Nadal won seven of 10 career meetings against Roddick. The ballistic serving Roddick won five of nine encounters with Djokovic, one of the top returners in tennis history. Roddick defeated Pete Sampras, who is 11 years his senior, in two of their three matches.

"I think it would be borderline idiotic for me to say anybody but Roger. It's a different conversation though," Roddick said. "Because overall numbers tell the story. I don't think individual match-ups tell the story as well."

In the epic 2009 Wimbledon final, Federer fought off Roddick, 5-7, 7-6 (6), 7-6 (5), 3-6, 16-14.

The most agonizing defeat of Roddick’s career denied him his Wimbledon dream, but earned him respect for the class he displayed in the aftermath after squandering four set points in the tie break that would have given him a two-set lead.



"We're human. We're not Cyborgs,” Roddick said then summing up his lost opportunity. “At that point, like everything else, there's two options: you lay down or you keep going. The second option sounded better to me.”

While Federer is widely regarded as one of the most graceful players in the history of the game, Roddick says a primary reason for Federer's longevity is between the ears: He's remarkably relaxed.

"It's nuts, but I think looking back 10 years ago if you were gonna say who's gonna have the most longevity as long as they're happy playing, we all probably would have pointed to Roger," Roddick said. "Not only because his game is less taxing on the body because he's such a natural and he has different options, he can choose to shorten points if he wants to."

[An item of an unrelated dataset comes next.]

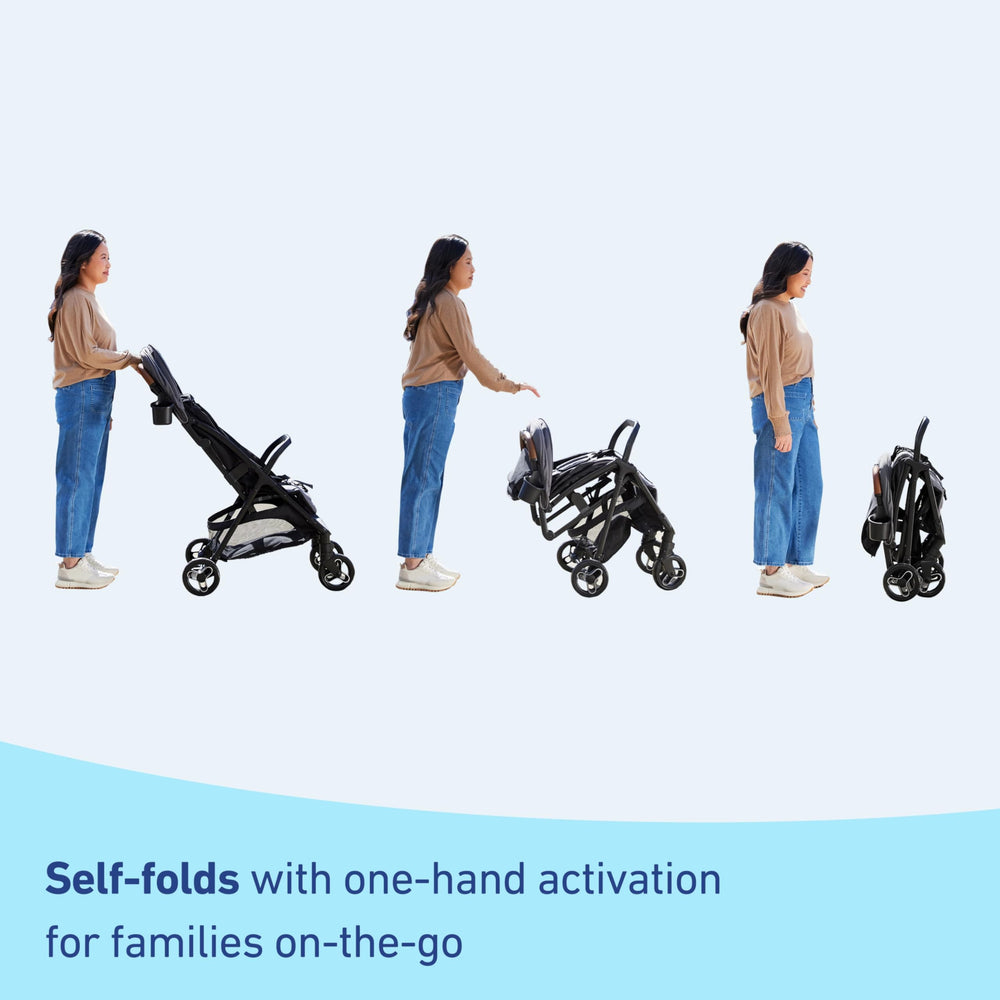 Graco Ready2Jet overhead-friendly design enabling airport portability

Stress management sets Federer apart from many elite players, including Roddick himself who concedes the intensity that fueled his own success also wreaked emotional havoc making him "a mess" before matches.

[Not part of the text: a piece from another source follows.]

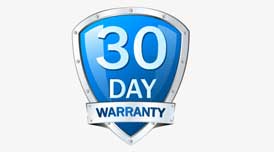 30-day service warranty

"But physicality aside, I'll tell anybody the part where I was the most jealous of Roger was how laid back he'd be before matches," Roddick said. "I was a mess. I was nervous. I was tense. I was tough to be around, and moody and that takes a toll on you as well as the physical stuff. How he's able to kind of compartmentalize, 'Okay, I'm relaxed up until I'm playing and then I'm focused.' And Pete kind of had the same thing. That's probably the part I'm most envious of and I think that's why he's still competing at the highest level."